PROBLEM REQUIREMENTS: Take the lines in the listing below from the line with "george v silver" up to and including the line with "Загрузить изображение в" and set them down exactly, skipping pictures and adding nothing.

DATA FOR REVIEW:
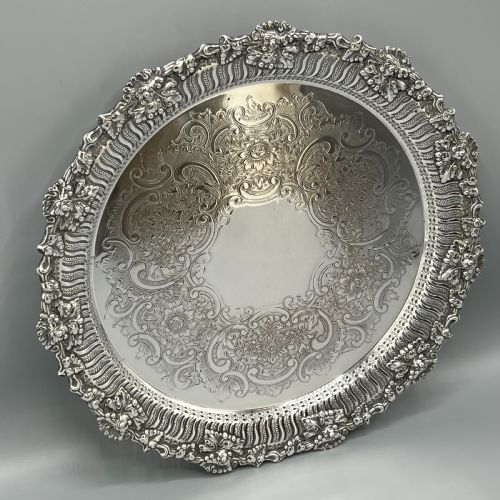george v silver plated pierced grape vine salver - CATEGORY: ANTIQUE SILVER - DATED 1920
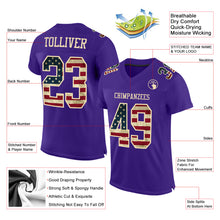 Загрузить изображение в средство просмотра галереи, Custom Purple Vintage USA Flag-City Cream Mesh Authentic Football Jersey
==
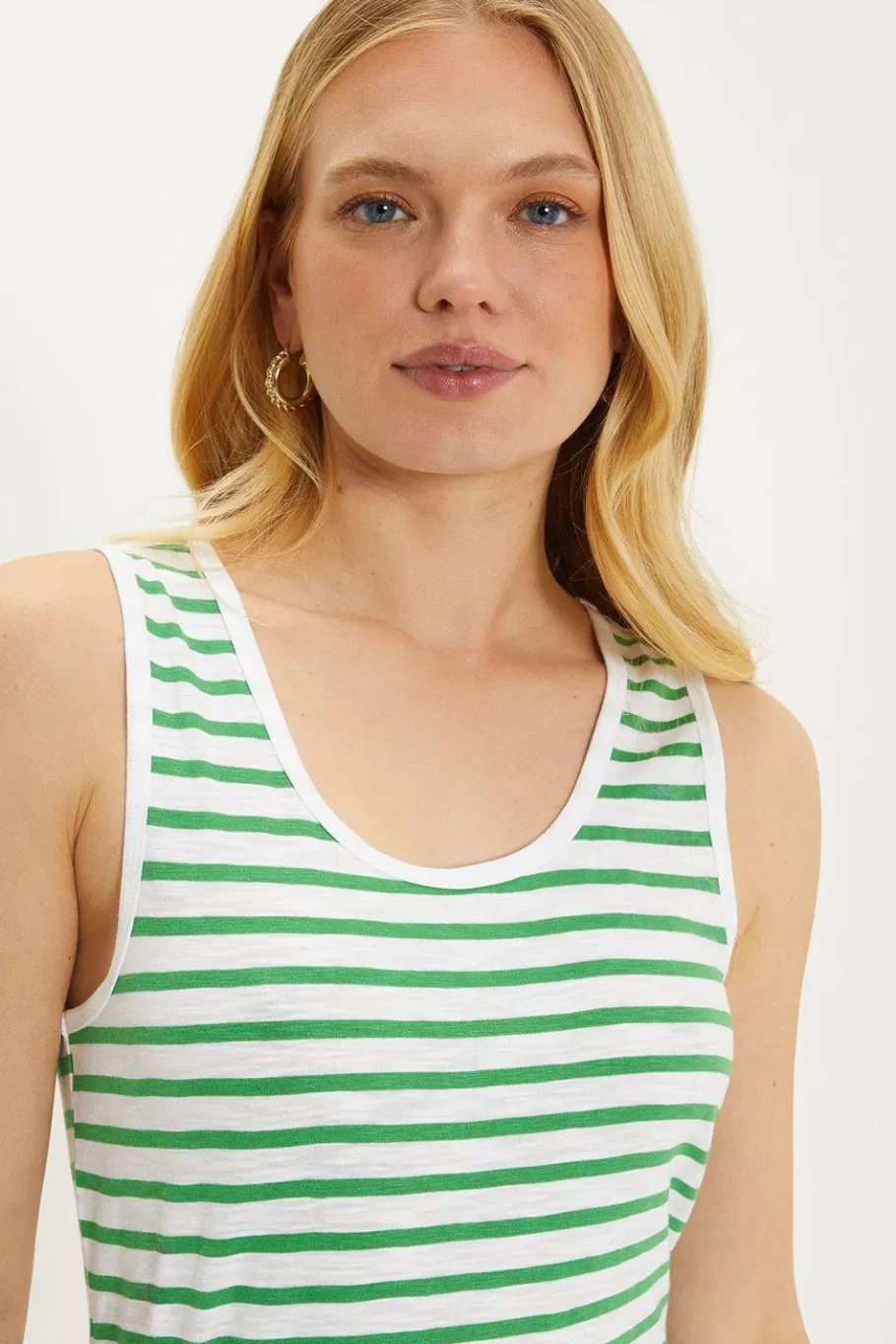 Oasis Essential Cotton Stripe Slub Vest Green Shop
* * *
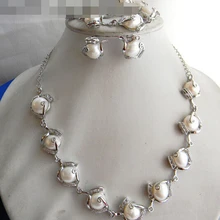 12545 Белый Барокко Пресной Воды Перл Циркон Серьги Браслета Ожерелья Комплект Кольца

RESPONSE:
george v silver plated pierced grape vine salver - CATEGORY: ANTIQUE SILVER - DATED 1920
 Загрузить изображение в средство просмотра галереи, Custom Purple Vintage USA Flag-City Cream Mesh Authentic Football Jersey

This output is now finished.